Earlier this month, Secretary of State John Kerry was subpoenaed to testify about the 2012 attack on Benghazi, Libya, before the House Oversight and Government Reform Committee.
Kerry was slated to appear before the committee on May 21, but he said that he wouldn’t comply because of travel plans.
Now, the conflict appears to have been resolved.
According to Jen Psaki, a State Department spokesman:
As we’ve said, Secretary Kerry was previously scheduled to be in Mexico on the day he was subpoenaed to testify. We and the Committee have been in touch to determine how to resolve their subpoena, but we have not yet made arrangements for a hearing date. We look forward to addressing the matters raised in the Committee’s letter and subpoena. Given the pressing foreign affairs issues that the Secretary is actively engaged on and the Committee’s focus on document production issues, we would like to explore whether there are better means of addressing the Committee’s interests, including through a more appropriate witness.

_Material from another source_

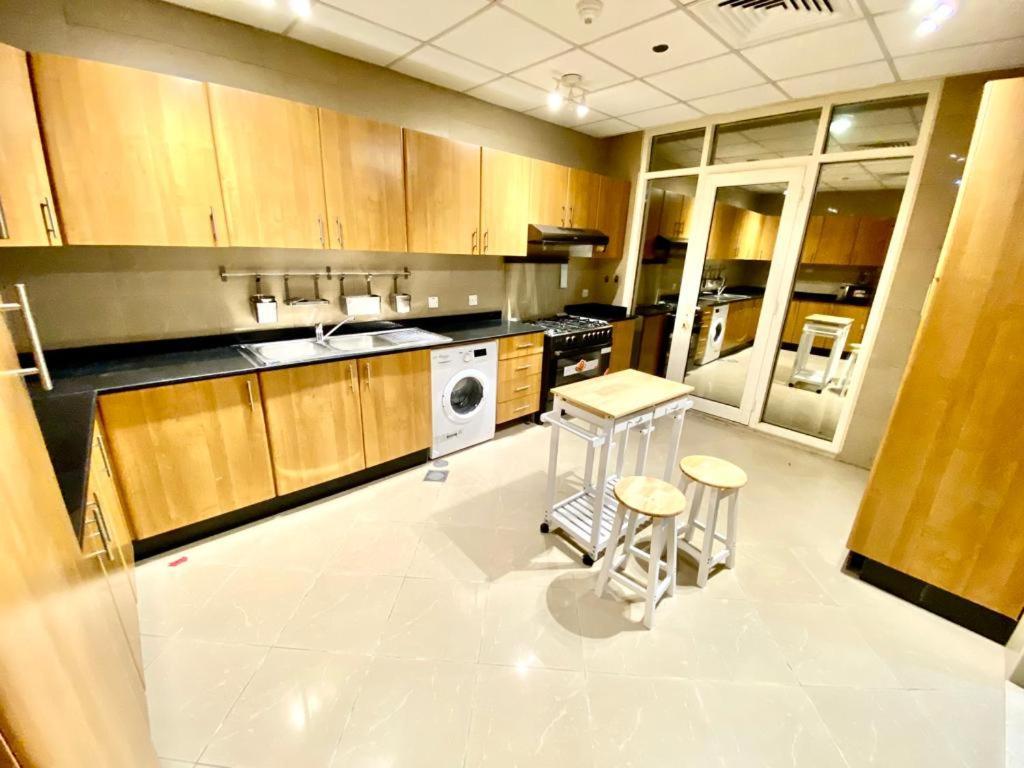 Small Budget Rooms For 'Girls' Only In Dubai, Marina Exteriér fotografie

The Associated Press reports that Rep. Darrell Issa (R-Calif.), the committee’s chairman, is standing down:
“The State Department has told the Committee that they are committed to finding an alternative date in the near future for Secretary Kerry to testify before the Oversight Committee,” Frederick Hill, a spokesman for the panel, said Monday. “As such, Chairman Issa agreed to lift the subpoena obligation for May 21.”